* PROBLEM DESCRIPTION *
Please repeat, exactly and without pictures, the lines of the entries below that run from the one containing "Slide: The Image" through the one containing "ADIDAS SPORTSWEAR Sports".

* MATERIALS PROVIDED *

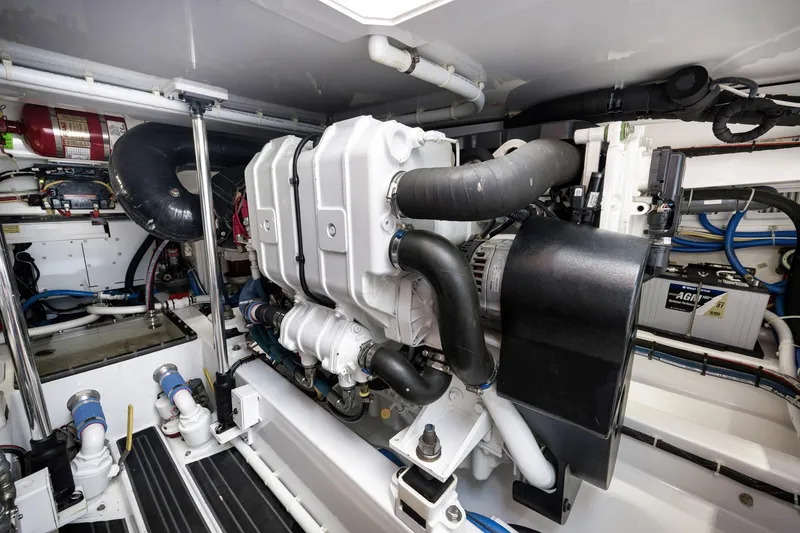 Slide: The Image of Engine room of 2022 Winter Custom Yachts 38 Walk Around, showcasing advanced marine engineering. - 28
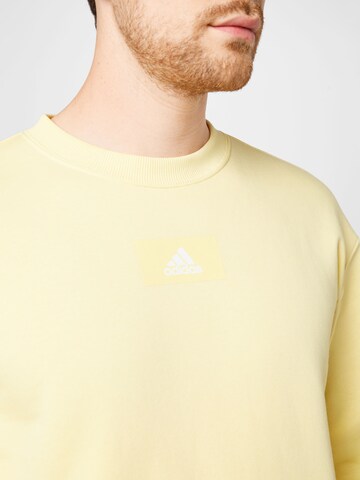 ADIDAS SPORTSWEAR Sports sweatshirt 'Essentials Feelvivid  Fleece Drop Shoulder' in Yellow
* * *
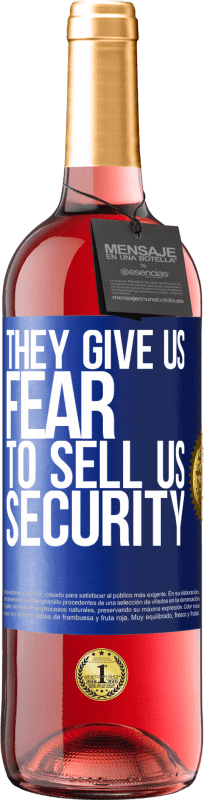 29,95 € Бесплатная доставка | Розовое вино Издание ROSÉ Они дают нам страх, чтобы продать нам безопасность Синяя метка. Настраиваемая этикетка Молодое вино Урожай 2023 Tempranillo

* FINISHED EXERCISE *
 Slide: The Image of Engine room of 2022 Winter Custom Yachts 38 Walk Around, showcasing advanced marine engineering. - 28
 ADIDAS SPORTSWEAR Sports sweatshirt 'Essentials Feelvivid  Fleece Drop Shoulder' in Yellow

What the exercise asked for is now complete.